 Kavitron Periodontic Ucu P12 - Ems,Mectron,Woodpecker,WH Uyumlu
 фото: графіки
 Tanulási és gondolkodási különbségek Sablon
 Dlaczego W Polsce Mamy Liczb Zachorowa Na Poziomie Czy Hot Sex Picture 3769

___

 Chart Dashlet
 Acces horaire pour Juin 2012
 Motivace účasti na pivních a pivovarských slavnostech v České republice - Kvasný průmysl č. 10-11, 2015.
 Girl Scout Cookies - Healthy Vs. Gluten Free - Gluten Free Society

___

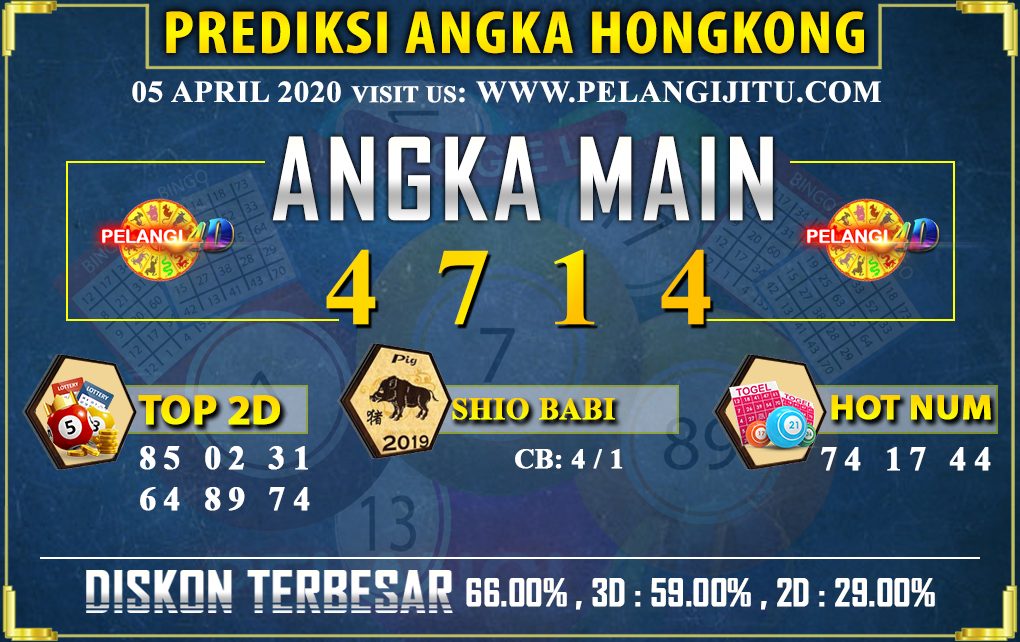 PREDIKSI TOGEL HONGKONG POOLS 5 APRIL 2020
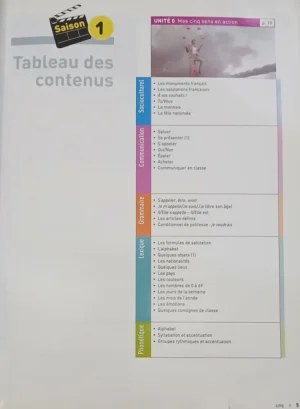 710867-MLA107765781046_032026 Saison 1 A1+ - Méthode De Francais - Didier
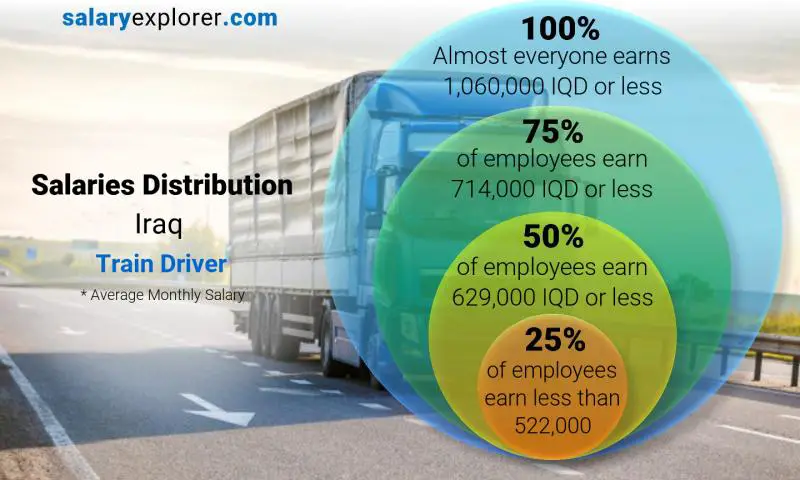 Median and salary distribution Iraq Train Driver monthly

___

→ **How to complete this task**
Begin with the line above that has "Kavitron Periodontic Ucu" and continue through the line that has "Dlaczego W Polsce", setting each one down exactly. Stop there.

→ **Task response**
 Kavitron Periodontic Ucu P12 - Ems,Mectron,Woodpecker,WH Uyumlu
 фото: графіки
 Tanulási és gondolkodási különbségek Sablon
 Dlaczego W Polsce Mamy Liczb Zachorowa Na Poziomie Czy Hot Sex Picture 3769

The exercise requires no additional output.